Mais à ce jeune homme épris de la force, — la plus belle chose qu’il y ait dans le monde après la vertu, — à cette imagination de poète qui parlait si ambitieusement de donner au monde un noble spectacle et qui se drapait de si haut dans la douleur solitaire et les méprisantes huées de la foule, la femme découragée répondait :

— « Ce que vous me proposez n’est plus possible, Allan ! Non, cela même, Allan, pas même cela ! Vous vous imaginez, ô poète ! que ce serait plus beau que l’amour, cet incompréhensible sentiment qui ne serait plus l’amour mais qui serait, croyez-moi, le désir de l’amour encore, un désir insensé qui s’élève fatalement de nos désespoirs les plus grands ! Quand donc le cœur se corrigera-t-il d’enfanter cette illusion éternelle ? Vous ne savez donc pas qu’il n’y a que le sentiment qui rapproche ? Que me parlez-vous de la pensée ! Penser isole et concentre. La pensée est un triple glaive qui fait l’espace autour de soi. J’ai la main trop lasse pour soulever cette arme. Et, d’ailleurs, être frère et sœur comme vous l’avez dit, mon enfant, c’est encore s’aimer, et je ne saurais. Vous êtes un homme, vous ! Vous avez des facultés actives et fraîches ; les miennes sont énervées et ne s’élèveraient pas jusqu’à la hautaine et sublime sagesse que vous rêvez. Vous avez raison, cependant, il y a quelque chose d’imposant et de sincère dans la conduite de celles qui disent tout haut au monde : « J’ai été la maîtresse de cet homme, et ne plus l’être ne nous a pas séparés. Nous n’avons pas fait comme ceux-là qui, furtifs, se glissent du seuil mystérieux dans l’ombre, essuyant leurs bouches avec des mains frissonnantes comme s’il y était resté quelque trace vengeresse et honteuse. » Hélas ! ce rôle qui m’aurait tentée à une autre époque ne me va plus. Vous m’avez toujours exagérée à moi-même, mais, Allan, vous finirez par croire en ce que je suis ! »

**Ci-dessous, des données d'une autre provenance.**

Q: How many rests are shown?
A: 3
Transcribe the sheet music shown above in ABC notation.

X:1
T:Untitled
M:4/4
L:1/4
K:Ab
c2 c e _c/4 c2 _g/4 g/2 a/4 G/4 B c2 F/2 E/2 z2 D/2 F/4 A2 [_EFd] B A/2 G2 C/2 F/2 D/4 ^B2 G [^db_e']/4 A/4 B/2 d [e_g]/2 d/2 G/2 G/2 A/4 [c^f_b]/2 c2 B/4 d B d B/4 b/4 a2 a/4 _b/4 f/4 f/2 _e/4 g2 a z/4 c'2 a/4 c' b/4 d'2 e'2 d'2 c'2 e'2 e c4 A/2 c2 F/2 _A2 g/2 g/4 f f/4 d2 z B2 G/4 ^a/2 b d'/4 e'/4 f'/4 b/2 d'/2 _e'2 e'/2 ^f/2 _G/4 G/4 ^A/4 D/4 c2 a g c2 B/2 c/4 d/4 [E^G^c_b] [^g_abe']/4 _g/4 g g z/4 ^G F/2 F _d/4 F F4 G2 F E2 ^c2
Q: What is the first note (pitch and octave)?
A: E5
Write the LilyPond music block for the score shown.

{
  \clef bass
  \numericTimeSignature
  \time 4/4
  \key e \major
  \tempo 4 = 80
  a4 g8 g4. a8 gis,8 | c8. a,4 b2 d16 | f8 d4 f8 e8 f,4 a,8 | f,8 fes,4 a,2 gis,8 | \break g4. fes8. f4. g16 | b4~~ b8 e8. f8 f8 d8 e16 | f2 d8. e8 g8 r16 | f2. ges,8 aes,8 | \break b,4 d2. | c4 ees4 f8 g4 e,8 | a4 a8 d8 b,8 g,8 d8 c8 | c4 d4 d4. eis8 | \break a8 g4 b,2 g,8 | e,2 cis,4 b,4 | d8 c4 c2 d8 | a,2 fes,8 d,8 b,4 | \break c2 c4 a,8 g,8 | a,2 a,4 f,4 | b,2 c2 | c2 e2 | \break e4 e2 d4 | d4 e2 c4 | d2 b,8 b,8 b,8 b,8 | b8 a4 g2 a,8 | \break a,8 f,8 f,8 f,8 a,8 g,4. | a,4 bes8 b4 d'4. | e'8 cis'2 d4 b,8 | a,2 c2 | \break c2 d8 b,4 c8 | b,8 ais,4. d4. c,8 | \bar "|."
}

Ainsi elle refusait tout, parce qu’elle n’était capable de rien. Le dernier enthousiasme de l’homme — l’enthousiasme de l’orgueil — se brisait contre la réalité de son infortune. Arrivé là, Allan fut sur le point de la mépriser, mais il n’en eut pas le courage. Cette tête dévouée lui imposait. Ce mépris d’Allan devait-il atteindre plus tard cette malheureuse Yseult pour compléter la somme d’amertumes qui avaient empoisonné sa destinée, et démontrer, une fois de plus, l’ingratitude native et impérissable du cœur humain ?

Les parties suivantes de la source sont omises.